One of the first among the Ukrainian historians and journalists to write objectively on the topic was Valentyn Shcherbachov. In his book, published after the fall of the Soviet Union, he reported on the manipulation of the facts.

The sports commentator explains his take on events: “As such the ‘death match’ didn’t happen. There were a series of matches in which the Kievites beat a number of teams, so in August 1942, a new law in Kiev prohibited the matches. This was so the Germans wouldn’t be discredited in the eyes of the citizens in the occupied city”.

So why had the players been detained at all and what happened to the former professionals from ‘Start’ who’d played for ‘Dynamo Kiev’?

Vladlen Putistin explains: “The Germans knew that ‘Dynamo’ was a part of ‘The People’s Commissariat for Internal Affairs’ or NKVS, so the players were interrogated. Each was in a separate cell. When the Germans couldn’t prove that they were part of any underground activity, they were sent to a concentration camp – Syrets.”

Valentyn Shcherbachov continues: “Only three players at that time were ‘Dynamo’ players. They were: Trusevich, Klymenko, and Komarov; all the others played for different teams.

“They were gathered in Kiev. Some of them were set to become ‘Dynamo’ players but weren’t at that time. In reality, there were only three “Dynamo” players. “Dynamo” was indeed the team of the NKVS but “Start” was a team of Kiev.”

Vladlen Putistin adds: “When they were arrested – the nine people – they were split into three groups. One group was shot. Tyutchev, Putistin and Komarov were in the second group.

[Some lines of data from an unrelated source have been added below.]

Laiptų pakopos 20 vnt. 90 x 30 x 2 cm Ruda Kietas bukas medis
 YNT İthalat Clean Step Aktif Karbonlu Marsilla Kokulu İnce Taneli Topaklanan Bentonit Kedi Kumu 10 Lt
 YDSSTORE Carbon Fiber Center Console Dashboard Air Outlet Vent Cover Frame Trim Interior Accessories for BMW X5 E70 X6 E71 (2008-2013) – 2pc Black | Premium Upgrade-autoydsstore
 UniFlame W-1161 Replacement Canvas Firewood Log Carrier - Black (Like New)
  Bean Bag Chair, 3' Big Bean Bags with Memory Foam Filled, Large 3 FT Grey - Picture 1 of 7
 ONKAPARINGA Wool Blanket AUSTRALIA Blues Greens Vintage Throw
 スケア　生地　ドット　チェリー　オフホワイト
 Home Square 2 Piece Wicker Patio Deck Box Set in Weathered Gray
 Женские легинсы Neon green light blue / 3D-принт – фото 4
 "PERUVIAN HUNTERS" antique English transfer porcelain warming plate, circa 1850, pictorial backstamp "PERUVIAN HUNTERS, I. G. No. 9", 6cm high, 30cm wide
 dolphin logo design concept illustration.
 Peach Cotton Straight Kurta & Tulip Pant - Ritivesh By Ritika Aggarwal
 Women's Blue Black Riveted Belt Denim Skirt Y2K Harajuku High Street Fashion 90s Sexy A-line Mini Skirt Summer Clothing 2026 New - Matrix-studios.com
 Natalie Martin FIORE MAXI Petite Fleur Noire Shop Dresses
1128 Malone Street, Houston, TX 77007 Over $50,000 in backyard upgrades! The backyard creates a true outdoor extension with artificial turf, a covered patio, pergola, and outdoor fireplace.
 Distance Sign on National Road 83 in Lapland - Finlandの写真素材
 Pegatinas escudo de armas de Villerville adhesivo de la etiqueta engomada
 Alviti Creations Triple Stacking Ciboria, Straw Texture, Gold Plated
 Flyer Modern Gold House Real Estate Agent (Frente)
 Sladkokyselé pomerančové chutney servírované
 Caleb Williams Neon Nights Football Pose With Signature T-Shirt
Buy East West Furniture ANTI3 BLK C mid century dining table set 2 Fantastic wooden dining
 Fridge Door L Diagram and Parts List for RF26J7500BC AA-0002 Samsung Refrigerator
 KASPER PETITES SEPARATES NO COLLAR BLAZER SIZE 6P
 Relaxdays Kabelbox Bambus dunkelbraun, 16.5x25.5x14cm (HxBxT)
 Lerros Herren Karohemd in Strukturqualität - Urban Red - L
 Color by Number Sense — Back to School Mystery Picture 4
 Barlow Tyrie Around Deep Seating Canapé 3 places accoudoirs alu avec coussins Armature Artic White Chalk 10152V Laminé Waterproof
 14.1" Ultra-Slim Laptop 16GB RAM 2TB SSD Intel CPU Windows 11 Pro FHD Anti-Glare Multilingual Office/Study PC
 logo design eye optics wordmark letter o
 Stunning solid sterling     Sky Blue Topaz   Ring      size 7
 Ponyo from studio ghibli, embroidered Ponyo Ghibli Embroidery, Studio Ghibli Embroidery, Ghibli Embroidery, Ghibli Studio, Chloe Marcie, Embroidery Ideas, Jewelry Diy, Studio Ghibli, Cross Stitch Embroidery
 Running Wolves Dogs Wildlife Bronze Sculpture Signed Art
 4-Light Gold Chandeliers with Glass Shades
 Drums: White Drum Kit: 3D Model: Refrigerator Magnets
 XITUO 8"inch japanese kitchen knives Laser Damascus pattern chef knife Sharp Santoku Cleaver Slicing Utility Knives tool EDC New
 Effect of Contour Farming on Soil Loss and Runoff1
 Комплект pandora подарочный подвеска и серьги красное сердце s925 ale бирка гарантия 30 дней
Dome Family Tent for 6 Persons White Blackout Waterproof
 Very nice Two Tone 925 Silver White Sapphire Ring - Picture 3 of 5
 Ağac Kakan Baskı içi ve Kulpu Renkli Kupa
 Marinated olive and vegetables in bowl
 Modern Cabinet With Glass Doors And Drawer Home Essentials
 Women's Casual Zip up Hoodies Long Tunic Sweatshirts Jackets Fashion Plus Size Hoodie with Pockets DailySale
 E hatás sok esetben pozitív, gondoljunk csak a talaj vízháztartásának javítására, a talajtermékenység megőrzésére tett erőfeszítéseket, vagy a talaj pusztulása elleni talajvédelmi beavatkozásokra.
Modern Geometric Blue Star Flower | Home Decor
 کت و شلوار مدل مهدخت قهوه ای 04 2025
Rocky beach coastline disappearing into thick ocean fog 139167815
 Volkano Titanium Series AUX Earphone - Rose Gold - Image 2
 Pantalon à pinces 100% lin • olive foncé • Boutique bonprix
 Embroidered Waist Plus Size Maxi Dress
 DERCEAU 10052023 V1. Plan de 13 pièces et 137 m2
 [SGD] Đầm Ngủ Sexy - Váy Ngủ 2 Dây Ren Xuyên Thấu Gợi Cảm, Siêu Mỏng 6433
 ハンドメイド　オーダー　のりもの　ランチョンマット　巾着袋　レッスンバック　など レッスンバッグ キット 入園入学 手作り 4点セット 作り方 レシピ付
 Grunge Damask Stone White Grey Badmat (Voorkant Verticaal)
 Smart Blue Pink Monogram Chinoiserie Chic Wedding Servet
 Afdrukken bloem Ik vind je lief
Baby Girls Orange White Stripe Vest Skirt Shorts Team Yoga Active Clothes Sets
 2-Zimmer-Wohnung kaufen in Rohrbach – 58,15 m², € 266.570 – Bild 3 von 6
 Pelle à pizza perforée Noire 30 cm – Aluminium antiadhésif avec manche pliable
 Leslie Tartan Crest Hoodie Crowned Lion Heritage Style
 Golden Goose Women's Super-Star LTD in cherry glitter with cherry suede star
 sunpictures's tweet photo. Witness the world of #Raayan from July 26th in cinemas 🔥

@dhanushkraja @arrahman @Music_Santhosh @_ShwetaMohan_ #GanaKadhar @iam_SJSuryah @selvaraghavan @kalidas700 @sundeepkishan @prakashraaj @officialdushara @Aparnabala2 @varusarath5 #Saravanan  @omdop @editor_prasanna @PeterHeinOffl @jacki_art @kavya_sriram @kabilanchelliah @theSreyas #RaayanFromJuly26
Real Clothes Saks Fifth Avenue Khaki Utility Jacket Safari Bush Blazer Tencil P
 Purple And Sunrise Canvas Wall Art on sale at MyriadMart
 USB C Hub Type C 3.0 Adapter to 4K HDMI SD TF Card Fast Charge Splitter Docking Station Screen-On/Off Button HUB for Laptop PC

Goncharenko and Sviridovsky were working as shoemakers outside the camp.

“They were arrested but they were not put in the camp. Had they all been together they would have all been shot together.”

The players who died, Trusevych, Klymenko, Korotkitch and Kuz’menko all played for Dynamo Kiev. Though a case in 2005 in Hamburg declared there was no evidence to support their deaths were the result of beating their German opponents at football.

‘Match’, is a recent Russian cinema release, which puts its spin on events. However, some Ukrainians have deemed it offensive, for making reference to the resident’s of Kiev collaborating with Nazi’s.